The number, shape, material, size and/or position of the elements
230 can be tailored to fit in each implementation of the present
application. As shown in FIG. 2A, the element 230C acts as the 2
o'clock dial and the element 230D acts as the 3 o'clock dial. These
two elements 230C and 230D are different in size, shape and
material. Similarly, in some embodiments, any two elements 230 are
different in size, shape and/or material.
[0045] Just like diamond, the element 230 has many faces to
reflect, deflect, diffuse, filter, guide and/or split lights
emitted by the OLED display 220 to user. In other words, the
element 230 is viewed or considered as a reflector, a deflector, a
diffuser, an optical filter, an optical guide and/or an optical
splitter. These jewelry-like elements 230 are used to promote
tastes, values, personalities, professionalism and social status of
user of the apparatus 200. The selections and arrangements of the
elements 230 are customized to elevate price and to add value to
the apparatus 200.
[0046] Twelve elements are positioned in FIG. 2A in order to mimic
o'clock dials of a clock. In this embodiment, the whole screen of
the OLED display 220 is used to represent one clock. However, the
OLED display 220 have other arrangements to represent more clocks.
In additional to time clock, the dial represents other instruments
such as barometer, depth meter, altitude meter, thermometer and any
other instruments having traditional hand indicator.
[0047] A line A-A' is placed across the elements 230D and 2301.
Please refer to FIGS. 2B-2F, which illustrates profiles of the
apparatus 200 in accordance with embodiments of the present
application. Please be noted that other electronics components of
the apparatus 200 is omitted in FIGS. 2B-2F. As shown in FIG. 2B,
the OLED display 220 is embedded in the shell 210. The two elements
230D and 2301 are attached to the top cover of the OLED display
220. Since the elements 230 are almost fully exposed, their values
can be seen directly. However, the elements 230 are prone to wear
or to lose.
[0048] Please refer to FIG. 2C in which the elements 230 are
embedded in a transparent cover layer 240 of the OLED display 220.
The elements 230 are still exposed partly. Comparing with the
embodiment as shown in FIG. 2B, the elements 230 as shown in FIG.
2C are partly protected from wearing and lost. However, it would be
costly to customize the arrangements of the elements 230.
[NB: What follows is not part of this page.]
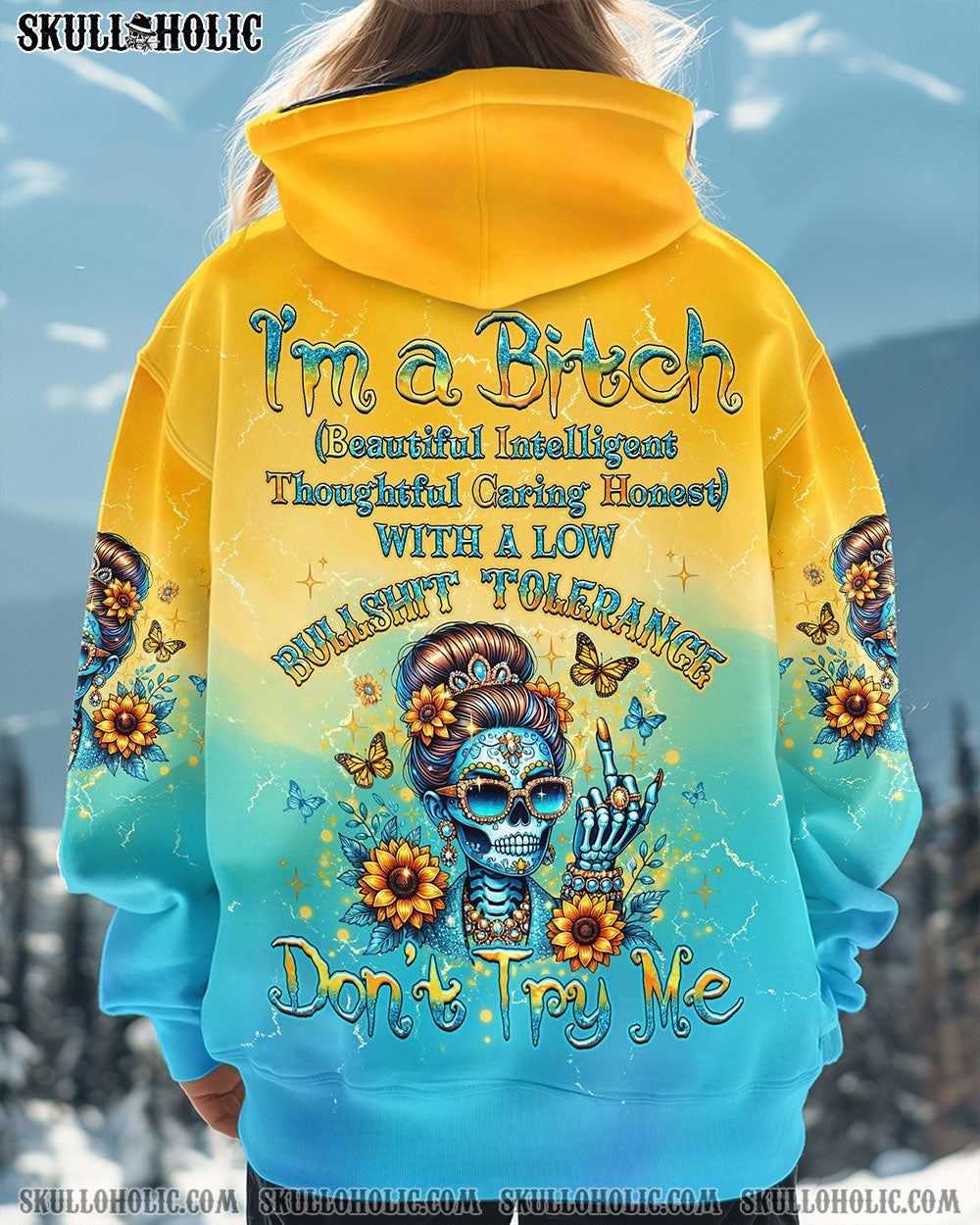 BLISSCORNERS I'M A B DON'T TRY ME SUNFLOWER SKULL ALL OVER PRINT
[0049] Please refer to FIG. 2D in which the elements 230 are
completely embedded inside the transparent cover layer 240. Hence,
the elements 230 are fully protected from wearing and lost.
[0050] Please refer to FIG. 2E, the elements 230 are composed of
two or more different or same materials in layers. Alternatively,
the elements 230 comprise composite materials. Composite materials
or multilayer structure create more splendid visual effect of the
elements. In one embodiment, the material and/or the structure of
the element 230 is designed corresponding to one or more specific
colors emitted by the underlying OLED pixels to enhance visual
effects.
[0051] Please refer to FIG. 2F, a top surface of the transparent
cover layer 240 of the OLED display 220 is not flat. In one
embodiment, the top surface may be curved or bulged in the center.
Alternatively, the top surface may comprises one or more curves or
bulges upward or downward.
[0052] As described with regard to the embodiments as shown in
FIGS. 2B-2F, the aforementioned features may be mixed in one
implementation. For example, an implementation based on the
embodiment as shown in FIG. 2B has multi-layer elements 230 which
are described in the embodiment as shown in FIG. 2E. In another
example, the element 230D is mounted on top of the transparent
cover layer 240 while another element 2301 is fully embedded in the
transparent cover layer 240. Embodiments in accordance with the
present application may feature any plausible combinations of the
technical features shown in the FIGS. 2B-2F.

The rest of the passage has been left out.